The attacks, which the Microsoft Security Response Center (MSRC) downplayed as "targeted, and not widespread," are using a bug found in Excel 2000, Excel 2002, Excel 2003 Service Pack 2, Excel Viewer 2003 and Excel 2004 for Mac. Newer editions -- Excel 2003 SP3, Excel 2007 and Excel 2008 for Mac -- are not vulnerable, Microsoft claimed. That last version, Excel 2008 for Mac, launched earlier Tuesday at the Macworld Conference & Expo in San Francisco.
"Microsoft is aware of specific targeted attacks that attempt to use this vulnerability," said Tim Rains, the security response communications lead at Microsoft, in an e-mail forwarded by the company's public relation firm. "Microsoft is aggressively investigating the public reports and customer impact."
According to the security advisory Microsoft posted Tuesday night, the vulnerability -- which it did not specify -- could let attackers jimmy a PC sufficiently to snatch control from the rightful owner.
The likely attack vectors, said the advisory, would be to attach a malformed document to e-mail or stick it on a Web site, then convince users to open the file.
Office file format vulnerabilities, even vulnerabilities specifically within Excel, are not new. Attackers have uncovered -- and used -- a wide array of bugs in Word, Excel and PowerPoint documents for nearly two years, often in pinpoint attacks that seed a very small number of businesspeople with spam that includes attached files.
In lieu of a patch -- which Microsoft did not promise it would produce -- the company recommended that Office 2003 users run suspect Excel files through MOICE (Microsoft Office Isolated Conversion Environment), a free conversion tool released last year that converts Office 2003 format documents into the more secure Office 2007 formats to strip out possible exploit code.
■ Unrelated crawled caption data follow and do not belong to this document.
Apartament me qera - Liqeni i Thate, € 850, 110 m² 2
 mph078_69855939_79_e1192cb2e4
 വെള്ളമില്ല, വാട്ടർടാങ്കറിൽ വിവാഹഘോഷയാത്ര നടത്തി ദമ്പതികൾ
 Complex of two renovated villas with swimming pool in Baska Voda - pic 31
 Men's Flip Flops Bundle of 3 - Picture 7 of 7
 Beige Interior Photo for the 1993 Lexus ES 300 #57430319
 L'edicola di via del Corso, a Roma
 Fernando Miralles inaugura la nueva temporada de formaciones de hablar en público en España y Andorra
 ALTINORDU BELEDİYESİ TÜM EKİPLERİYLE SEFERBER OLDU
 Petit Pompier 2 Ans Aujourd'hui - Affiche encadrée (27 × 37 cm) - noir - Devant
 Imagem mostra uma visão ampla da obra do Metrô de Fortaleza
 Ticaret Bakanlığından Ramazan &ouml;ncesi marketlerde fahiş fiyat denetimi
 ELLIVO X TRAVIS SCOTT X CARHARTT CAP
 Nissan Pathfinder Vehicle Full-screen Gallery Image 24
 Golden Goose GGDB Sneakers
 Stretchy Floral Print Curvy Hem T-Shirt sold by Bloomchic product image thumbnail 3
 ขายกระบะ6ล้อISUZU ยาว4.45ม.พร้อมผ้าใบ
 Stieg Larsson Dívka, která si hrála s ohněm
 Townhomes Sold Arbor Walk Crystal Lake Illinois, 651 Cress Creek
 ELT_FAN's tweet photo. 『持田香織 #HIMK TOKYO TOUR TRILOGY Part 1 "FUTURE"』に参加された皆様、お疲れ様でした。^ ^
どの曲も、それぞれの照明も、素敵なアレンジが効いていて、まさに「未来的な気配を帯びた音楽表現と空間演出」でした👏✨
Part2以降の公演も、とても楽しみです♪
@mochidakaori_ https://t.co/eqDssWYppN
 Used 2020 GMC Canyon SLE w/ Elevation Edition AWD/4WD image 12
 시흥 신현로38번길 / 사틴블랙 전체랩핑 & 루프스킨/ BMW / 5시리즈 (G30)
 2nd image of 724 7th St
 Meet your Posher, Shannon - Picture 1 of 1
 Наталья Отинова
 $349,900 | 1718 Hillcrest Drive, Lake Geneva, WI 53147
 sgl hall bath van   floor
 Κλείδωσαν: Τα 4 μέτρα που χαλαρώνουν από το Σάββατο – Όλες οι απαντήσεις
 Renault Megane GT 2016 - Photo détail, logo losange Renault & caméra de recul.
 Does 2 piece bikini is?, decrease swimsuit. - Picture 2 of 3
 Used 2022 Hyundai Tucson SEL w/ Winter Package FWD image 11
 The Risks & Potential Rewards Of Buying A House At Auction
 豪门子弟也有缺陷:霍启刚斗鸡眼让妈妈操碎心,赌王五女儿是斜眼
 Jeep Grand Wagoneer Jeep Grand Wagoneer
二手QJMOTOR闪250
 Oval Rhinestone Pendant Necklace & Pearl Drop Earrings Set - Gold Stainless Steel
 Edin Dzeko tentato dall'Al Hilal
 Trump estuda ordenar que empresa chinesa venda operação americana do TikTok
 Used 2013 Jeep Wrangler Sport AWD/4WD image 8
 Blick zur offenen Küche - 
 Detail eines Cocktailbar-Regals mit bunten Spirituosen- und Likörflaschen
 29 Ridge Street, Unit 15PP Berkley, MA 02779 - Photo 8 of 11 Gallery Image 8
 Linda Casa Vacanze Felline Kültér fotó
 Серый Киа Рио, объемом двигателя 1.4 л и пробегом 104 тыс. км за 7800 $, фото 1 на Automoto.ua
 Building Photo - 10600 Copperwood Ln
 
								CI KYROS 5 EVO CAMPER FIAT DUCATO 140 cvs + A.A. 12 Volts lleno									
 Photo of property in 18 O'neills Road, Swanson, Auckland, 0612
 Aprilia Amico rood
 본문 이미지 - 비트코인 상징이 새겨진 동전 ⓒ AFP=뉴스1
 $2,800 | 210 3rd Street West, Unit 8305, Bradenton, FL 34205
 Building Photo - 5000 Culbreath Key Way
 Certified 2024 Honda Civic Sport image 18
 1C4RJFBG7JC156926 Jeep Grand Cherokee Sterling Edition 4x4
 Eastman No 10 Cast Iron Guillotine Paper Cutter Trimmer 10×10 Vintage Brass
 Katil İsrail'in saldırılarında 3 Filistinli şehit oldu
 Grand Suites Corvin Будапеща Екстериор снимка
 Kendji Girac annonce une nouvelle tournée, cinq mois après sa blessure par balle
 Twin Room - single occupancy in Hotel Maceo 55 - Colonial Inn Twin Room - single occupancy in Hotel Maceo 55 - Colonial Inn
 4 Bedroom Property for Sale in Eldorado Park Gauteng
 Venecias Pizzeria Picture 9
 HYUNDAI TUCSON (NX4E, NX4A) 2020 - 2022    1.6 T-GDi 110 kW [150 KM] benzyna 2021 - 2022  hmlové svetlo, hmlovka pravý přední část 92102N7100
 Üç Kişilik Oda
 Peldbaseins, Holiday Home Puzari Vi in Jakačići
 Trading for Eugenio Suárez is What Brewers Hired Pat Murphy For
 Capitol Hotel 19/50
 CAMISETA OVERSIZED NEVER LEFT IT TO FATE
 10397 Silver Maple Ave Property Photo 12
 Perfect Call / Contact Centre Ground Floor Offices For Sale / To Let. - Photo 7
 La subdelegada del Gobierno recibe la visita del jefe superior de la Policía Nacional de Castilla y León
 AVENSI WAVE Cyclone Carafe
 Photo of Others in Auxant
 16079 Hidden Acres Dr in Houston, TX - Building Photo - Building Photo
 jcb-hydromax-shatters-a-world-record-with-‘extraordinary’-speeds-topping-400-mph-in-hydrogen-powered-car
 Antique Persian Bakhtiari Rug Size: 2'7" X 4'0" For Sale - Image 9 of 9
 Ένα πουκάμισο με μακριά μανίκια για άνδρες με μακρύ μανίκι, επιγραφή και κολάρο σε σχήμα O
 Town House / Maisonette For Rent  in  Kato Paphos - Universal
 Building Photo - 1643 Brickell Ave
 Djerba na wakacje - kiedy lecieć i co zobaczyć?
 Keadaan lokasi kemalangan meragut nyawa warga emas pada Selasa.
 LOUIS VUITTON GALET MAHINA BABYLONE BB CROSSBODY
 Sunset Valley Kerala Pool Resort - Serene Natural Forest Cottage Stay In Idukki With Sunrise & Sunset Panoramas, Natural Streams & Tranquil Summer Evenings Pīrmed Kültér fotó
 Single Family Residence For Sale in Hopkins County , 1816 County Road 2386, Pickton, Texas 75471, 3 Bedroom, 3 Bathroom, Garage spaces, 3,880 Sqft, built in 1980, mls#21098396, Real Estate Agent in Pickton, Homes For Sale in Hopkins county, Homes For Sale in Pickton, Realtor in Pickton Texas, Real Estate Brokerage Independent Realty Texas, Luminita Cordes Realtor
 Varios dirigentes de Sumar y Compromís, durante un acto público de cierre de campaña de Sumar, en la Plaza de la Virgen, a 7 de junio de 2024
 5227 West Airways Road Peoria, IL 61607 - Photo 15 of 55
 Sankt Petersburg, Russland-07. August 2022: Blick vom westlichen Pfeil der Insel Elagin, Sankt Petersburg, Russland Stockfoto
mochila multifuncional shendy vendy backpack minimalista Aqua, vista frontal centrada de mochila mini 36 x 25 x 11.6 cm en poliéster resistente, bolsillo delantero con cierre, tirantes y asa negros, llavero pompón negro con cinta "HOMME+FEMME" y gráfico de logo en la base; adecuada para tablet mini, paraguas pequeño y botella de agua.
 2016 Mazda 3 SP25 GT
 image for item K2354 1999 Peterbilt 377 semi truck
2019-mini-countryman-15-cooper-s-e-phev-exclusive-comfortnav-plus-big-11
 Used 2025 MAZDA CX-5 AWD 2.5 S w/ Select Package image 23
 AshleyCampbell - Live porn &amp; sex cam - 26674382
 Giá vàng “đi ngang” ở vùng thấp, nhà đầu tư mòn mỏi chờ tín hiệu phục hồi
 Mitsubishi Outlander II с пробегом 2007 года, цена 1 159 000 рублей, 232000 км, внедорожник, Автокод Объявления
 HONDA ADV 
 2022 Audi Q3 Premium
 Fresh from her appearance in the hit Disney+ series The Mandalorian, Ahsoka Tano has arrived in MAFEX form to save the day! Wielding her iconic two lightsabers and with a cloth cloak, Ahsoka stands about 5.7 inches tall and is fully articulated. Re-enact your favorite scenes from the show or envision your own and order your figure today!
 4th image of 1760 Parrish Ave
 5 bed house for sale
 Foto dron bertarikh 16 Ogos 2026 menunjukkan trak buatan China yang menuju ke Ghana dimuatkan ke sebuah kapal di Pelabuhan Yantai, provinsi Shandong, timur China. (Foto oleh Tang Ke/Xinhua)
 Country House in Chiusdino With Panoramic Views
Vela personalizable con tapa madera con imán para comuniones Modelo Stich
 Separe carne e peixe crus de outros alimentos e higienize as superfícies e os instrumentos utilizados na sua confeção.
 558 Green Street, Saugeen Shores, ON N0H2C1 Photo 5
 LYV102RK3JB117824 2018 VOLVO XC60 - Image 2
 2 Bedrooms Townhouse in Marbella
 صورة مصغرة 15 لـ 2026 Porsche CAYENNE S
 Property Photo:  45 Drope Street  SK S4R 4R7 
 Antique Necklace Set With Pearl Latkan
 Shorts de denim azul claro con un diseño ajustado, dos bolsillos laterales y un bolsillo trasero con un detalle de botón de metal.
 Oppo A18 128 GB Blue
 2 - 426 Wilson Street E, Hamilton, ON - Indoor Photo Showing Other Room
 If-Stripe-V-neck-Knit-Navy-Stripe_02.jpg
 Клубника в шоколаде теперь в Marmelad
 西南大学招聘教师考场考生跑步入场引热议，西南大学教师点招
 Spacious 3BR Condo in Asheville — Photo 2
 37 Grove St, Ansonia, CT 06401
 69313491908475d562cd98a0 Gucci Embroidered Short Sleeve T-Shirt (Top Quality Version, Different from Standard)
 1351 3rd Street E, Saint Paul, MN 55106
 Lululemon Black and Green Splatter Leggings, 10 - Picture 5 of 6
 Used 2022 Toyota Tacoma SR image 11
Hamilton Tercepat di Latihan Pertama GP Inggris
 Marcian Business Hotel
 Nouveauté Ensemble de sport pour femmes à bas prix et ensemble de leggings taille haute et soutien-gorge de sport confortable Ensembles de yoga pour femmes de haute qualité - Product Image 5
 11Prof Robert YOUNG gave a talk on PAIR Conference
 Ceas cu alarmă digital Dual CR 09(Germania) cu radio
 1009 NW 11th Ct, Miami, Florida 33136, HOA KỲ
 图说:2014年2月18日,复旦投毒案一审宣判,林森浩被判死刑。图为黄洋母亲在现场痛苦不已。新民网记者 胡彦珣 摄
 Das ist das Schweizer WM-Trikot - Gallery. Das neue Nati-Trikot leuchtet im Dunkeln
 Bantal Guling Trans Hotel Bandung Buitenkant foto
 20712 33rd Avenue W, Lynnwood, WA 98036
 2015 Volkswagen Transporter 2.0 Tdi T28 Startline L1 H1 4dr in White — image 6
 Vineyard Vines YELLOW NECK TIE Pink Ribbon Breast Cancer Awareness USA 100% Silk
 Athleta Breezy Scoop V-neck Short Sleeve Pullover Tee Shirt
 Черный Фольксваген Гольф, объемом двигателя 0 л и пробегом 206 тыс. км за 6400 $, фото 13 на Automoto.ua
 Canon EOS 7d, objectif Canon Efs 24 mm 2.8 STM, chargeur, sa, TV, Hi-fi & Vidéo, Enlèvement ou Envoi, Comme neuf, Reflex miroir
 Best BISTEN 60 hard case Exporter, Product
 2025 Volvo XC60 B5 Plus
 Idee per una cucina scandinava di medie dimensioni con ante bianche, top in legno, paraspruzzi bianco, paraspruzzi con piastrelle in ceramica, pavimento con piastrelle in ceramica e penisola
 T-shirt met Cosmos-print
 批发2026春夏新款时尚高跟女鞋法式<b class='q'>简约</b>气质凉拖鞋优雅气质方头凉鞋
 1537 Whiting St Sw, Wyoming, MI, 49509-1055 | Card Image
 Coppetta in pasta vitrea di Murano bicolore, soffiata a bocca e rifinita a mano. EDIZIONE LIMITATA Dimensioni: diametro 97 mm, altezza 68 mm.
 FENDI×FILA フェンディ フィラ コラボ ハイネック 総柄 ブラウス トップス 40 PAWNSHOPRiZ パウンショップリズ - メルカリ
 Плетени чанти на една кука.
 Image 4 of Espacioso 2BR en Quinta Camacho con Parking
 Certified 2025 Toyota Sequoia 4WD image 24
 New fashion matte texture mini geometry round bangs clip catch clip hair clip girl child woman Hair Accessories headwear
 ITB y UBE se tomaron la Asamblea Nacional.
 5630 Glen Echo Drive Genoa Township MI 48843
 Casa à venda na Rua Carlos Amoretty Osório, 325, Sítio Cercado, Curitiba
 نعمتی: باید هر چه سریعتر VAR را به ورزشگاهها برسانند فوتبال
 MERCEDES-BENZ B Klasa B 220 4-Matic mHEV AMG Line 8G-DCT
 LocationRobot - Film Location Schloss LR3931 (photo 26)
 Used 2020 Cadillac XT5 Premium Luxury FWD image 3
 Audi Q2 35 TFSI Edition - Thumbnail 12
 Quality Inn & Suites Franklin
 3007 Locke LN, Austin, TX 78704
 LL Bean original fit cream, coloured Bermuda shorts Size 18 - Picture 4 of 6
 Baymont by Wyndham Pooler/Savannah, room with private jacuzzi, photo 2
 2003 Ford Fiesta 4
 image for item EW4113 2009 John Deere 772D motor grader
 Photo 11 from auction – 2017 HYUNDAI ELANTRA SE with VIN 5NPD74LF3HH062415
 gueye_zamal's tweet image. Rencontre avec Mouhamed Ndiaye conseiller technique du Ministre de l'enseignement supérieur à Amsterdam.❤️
Alternately, it told administrators they could block all Office 2003 and earlier formats except those in "trusted locations" by using File Block, a last-ditch defense that requires editing the Windows registry or modifying Group Policy settings.
Ironically, file blocking -- albeit enabled by default first in Office 2007, then in September's Office 2003 SP3 update -- has raised a minor ruckus in the past week as users complained of the practice, and Microsoft tried to calm the waters by making it slightly easier to unblock the older, but banned, formats.
The last time that Microsoft patched any edition of Excel was in August 2007, when it issued MS07-044, an update that fixed a similar document format flaw in Excel 2000, Excel 2002, Excel 2003 and Excel 2004 for Mac.